• Brief:
In the entries below, begin at the line that has "Fish on blue background" and stop after the line that has "Eurycorymbus cavaleriei, Chung"; output those lines exactly, leaving out pictures.

• Input data:
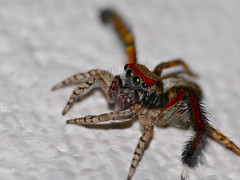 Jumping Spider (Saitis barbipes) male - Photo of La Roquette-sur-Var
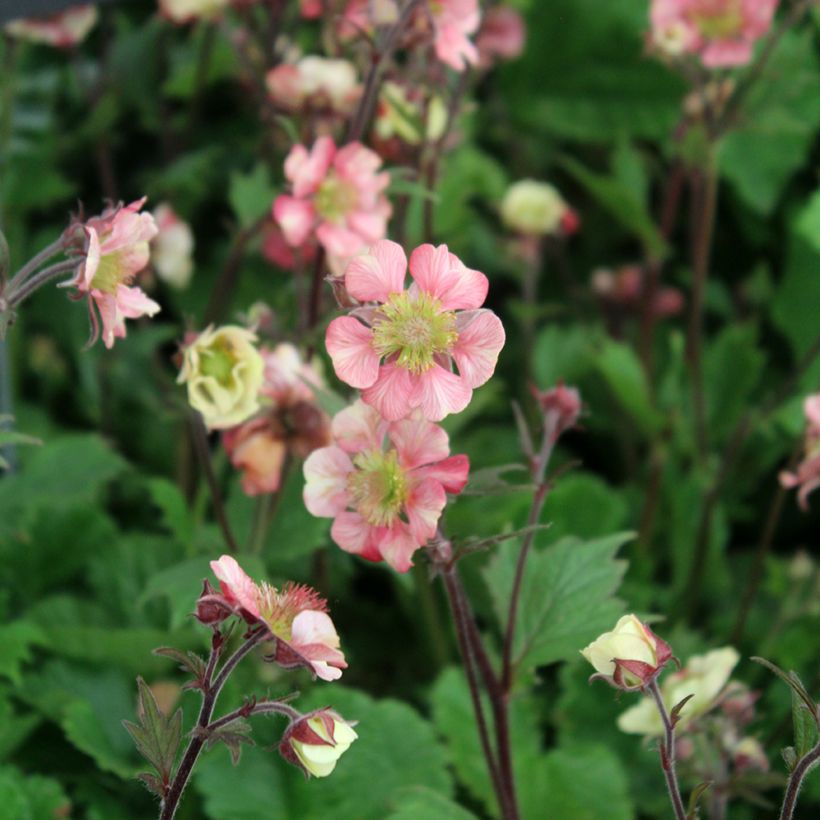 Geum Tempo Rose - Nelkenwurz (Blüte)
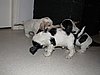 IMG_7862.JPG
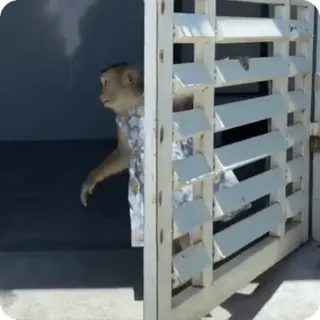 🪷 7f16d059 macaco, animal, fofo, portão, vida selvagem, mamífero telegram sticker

==

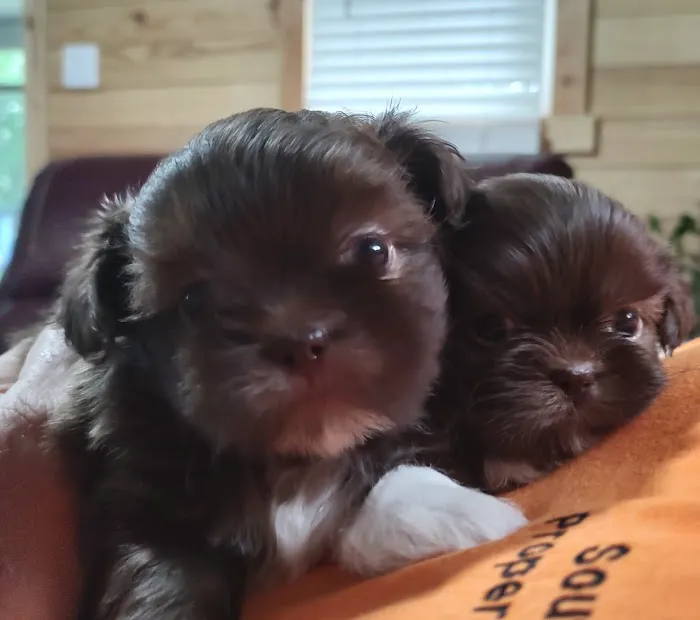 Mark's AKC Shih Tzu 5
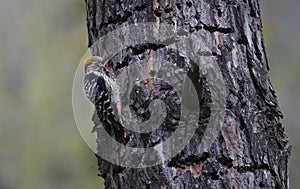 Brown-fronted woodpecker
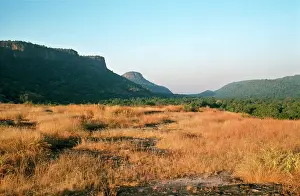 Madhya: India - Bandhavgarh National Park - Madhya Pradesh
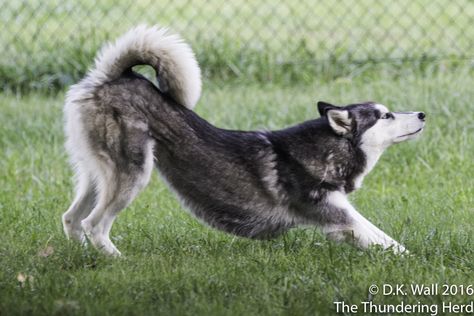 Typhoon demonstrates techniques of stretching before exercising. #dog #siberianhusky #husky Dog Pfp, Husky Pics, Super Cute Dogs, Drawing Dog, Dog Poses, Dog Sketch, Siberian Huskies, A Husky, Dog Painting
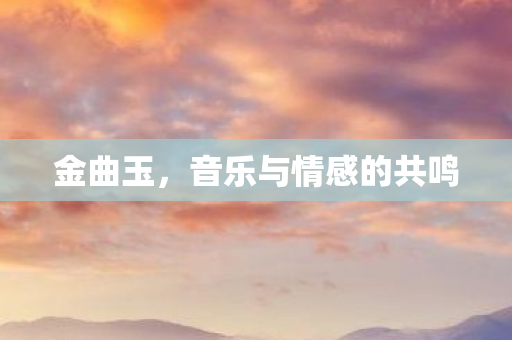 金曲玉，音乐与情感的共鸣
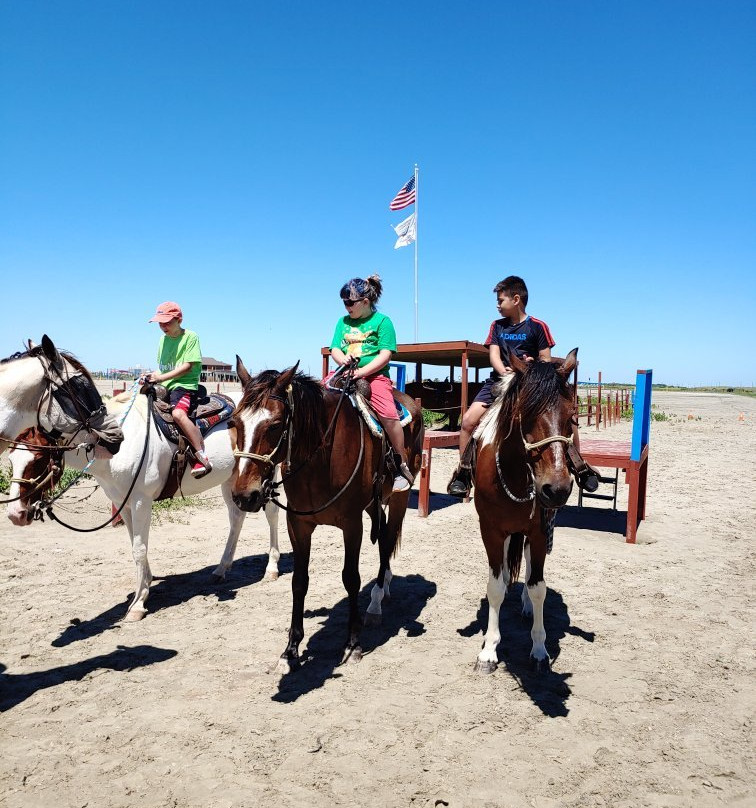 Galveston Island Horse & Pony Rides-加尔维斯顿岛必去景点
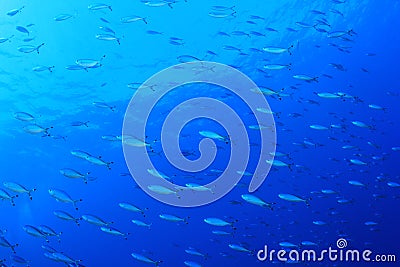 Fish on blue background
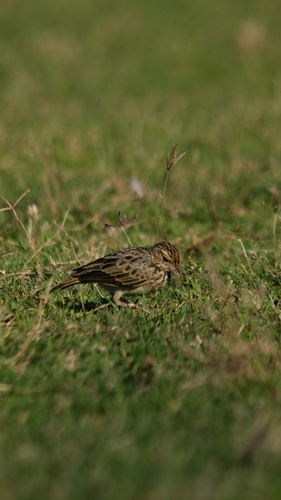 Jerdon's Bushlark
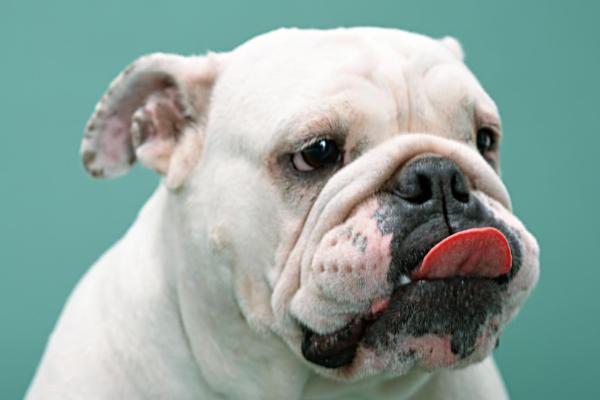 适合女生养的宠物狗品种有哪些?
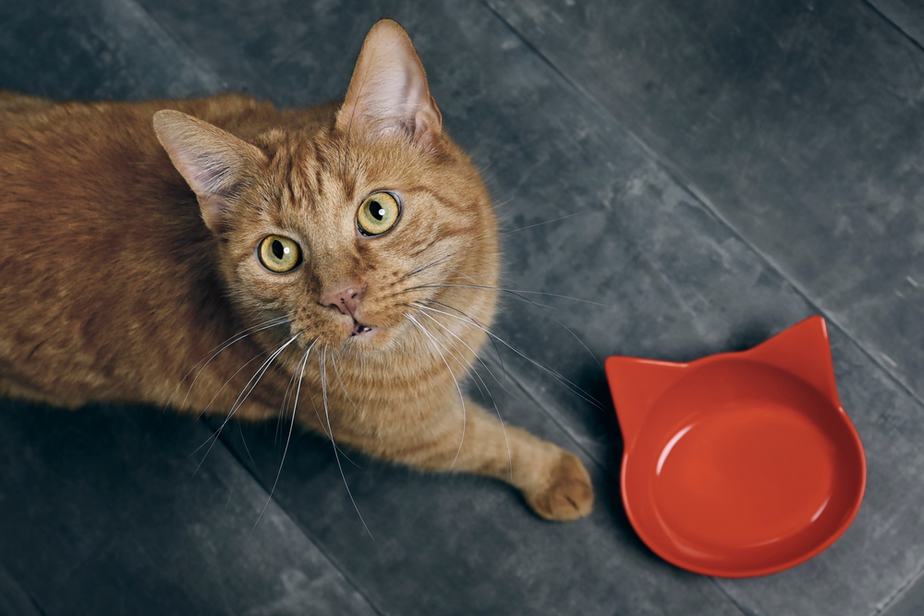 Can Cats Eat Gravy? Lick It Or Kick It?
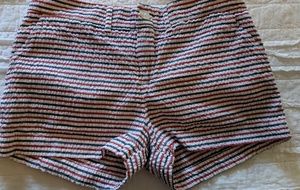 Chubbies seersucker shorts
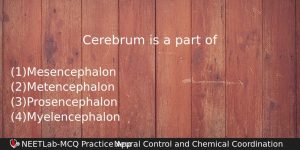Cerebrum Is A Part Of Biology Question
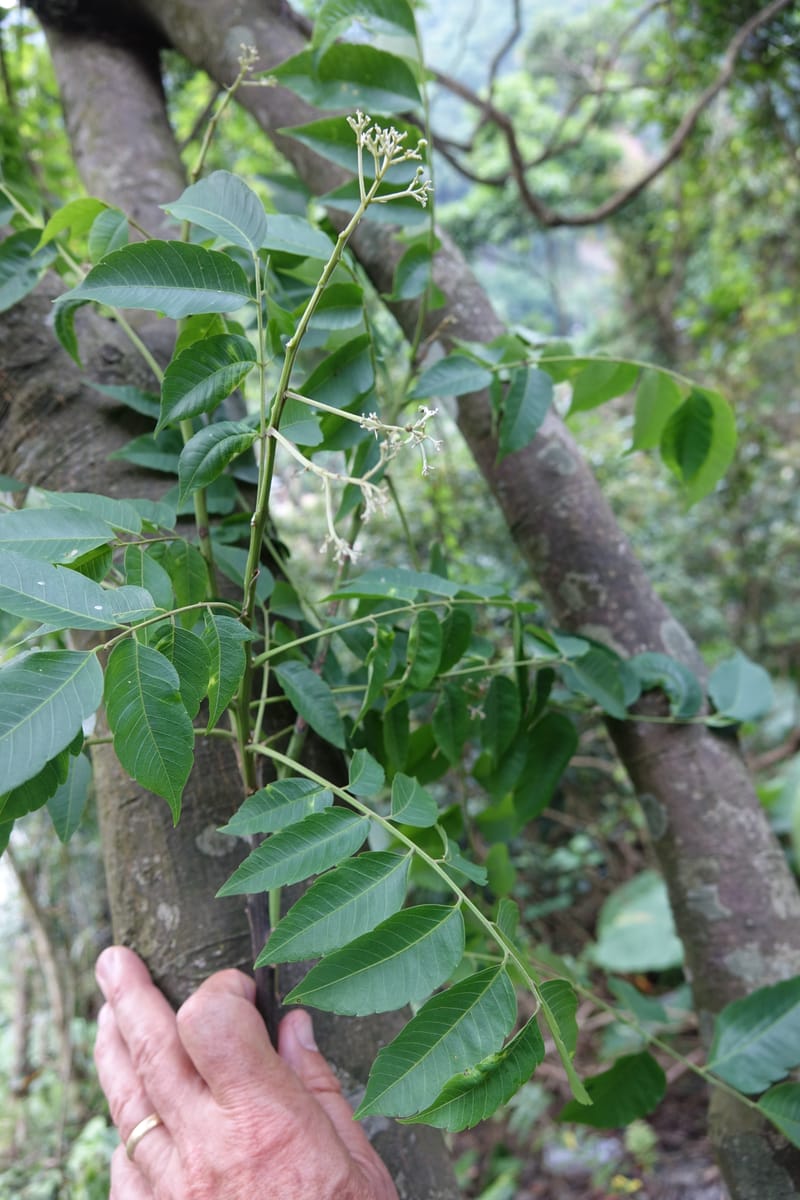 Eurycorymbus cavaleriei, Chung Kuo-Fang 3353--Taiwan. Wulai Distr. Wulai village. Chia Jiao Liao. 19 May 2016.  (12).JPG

==

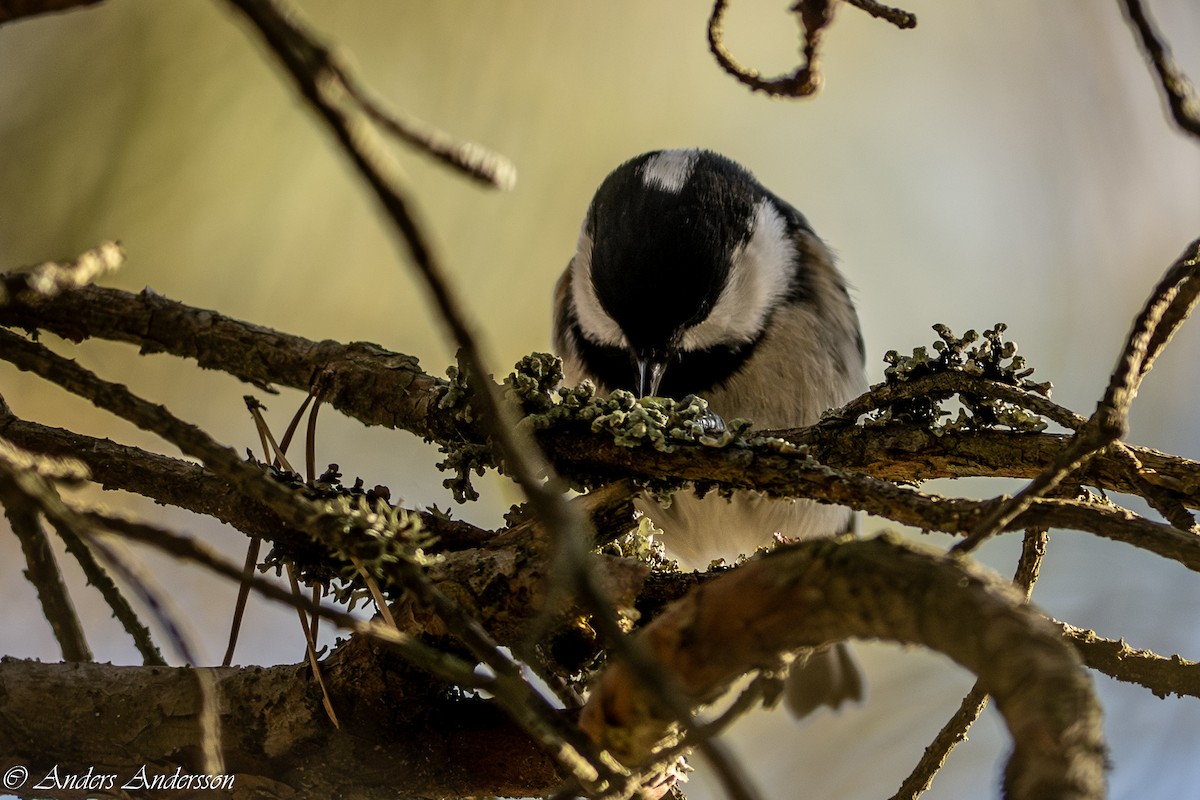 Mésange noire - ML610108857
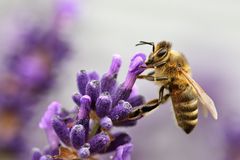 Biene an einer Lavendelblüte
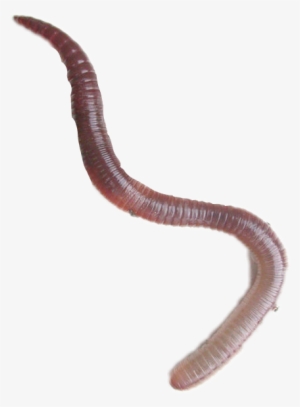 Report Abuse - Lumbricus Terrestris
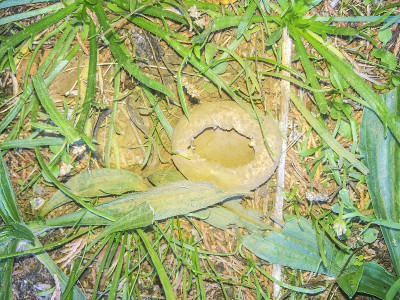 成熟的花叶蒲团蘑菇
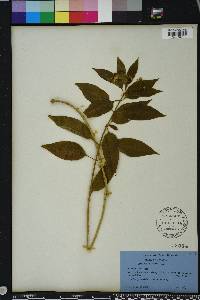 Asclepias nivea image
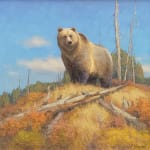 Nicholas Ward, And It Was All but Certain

• Your solution:
 Fish on blue background
 Jerdon's Bushlark
 适合女生养的宠物狗品种有哪些?
 Can Cats Eat Gravy? Lick It Or Kick It?
 Chubbies seersucker shorts
Cerebrum Is A Part Of Biology Question
 Eurycorymbus cavaleriei, Chung Kuo-Fang 3353--Taiwan. Wulai Distr. Wulai village. Chia Jiao Liao. 19 May 2016.  (12).JPG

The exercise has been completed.